Task material:

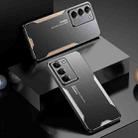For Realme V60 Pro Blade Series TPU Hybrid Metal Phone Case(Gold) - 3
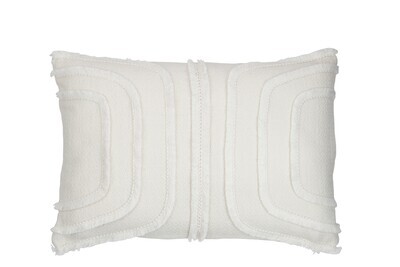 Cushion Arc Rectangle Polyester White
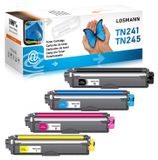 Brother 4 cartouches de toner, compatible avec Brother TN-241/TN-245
...
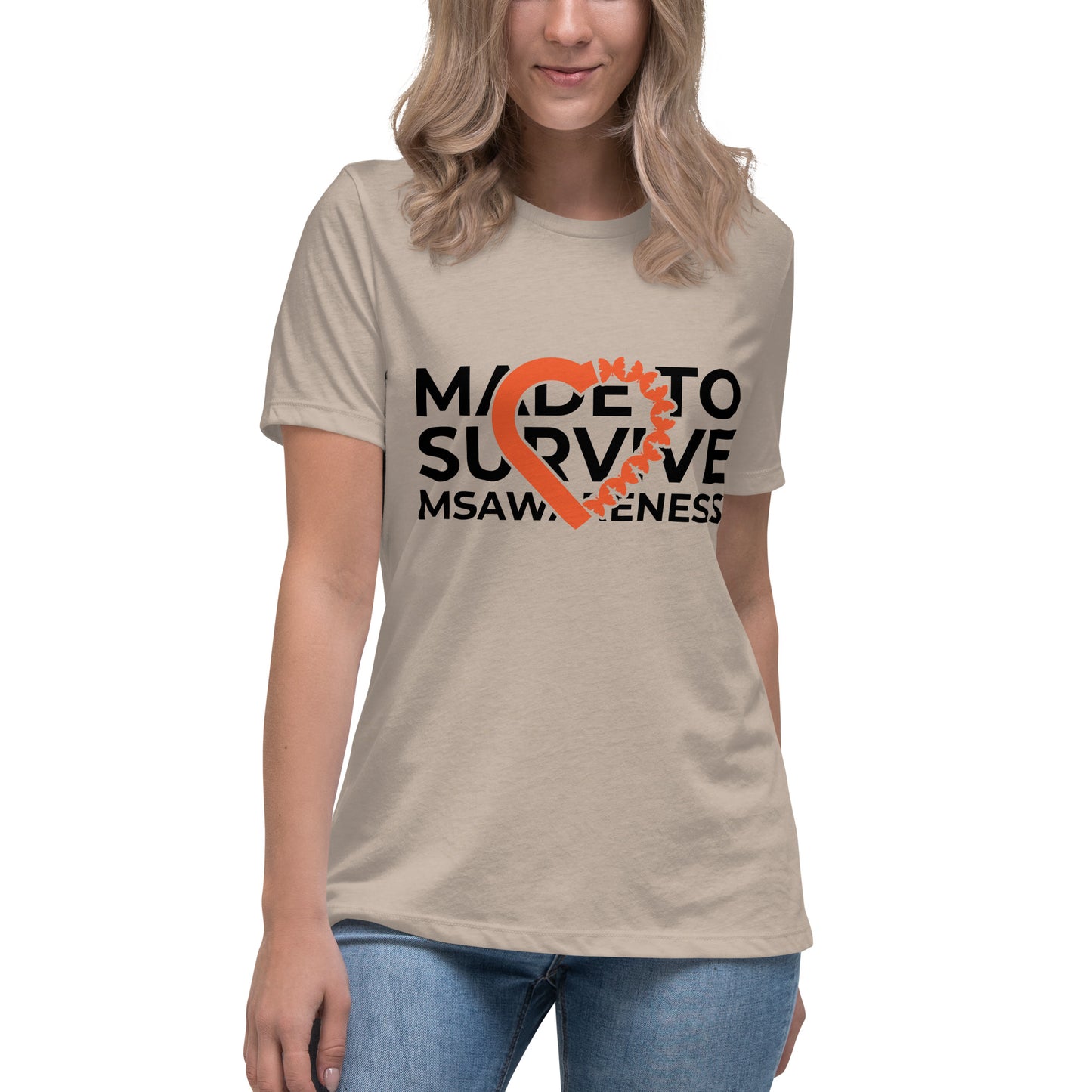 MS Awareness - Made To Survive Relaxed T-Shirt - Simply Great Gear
* * *
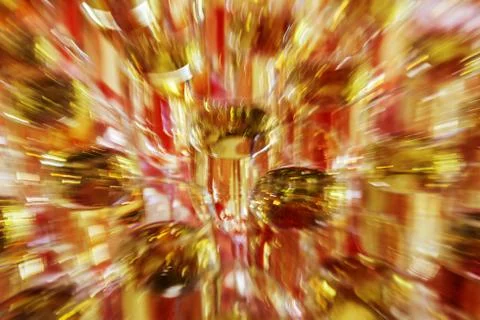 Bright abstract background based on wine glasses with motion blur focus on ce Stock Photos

What to produce: Respond with the exact lines above running from the one containing "For Realme V60" to the one containing "Brother 4 cartouches", both ends kept and no pictures included.

Answer for this exercise:
For Realme V60 Pro Blade Series TPU Hybrid Metal Phone Case(Gold) - 3
 Cushion Arc Rectangle Polyester White
 Brother 4 cartouches de toner, compatible avec Brother TN-241/TN-245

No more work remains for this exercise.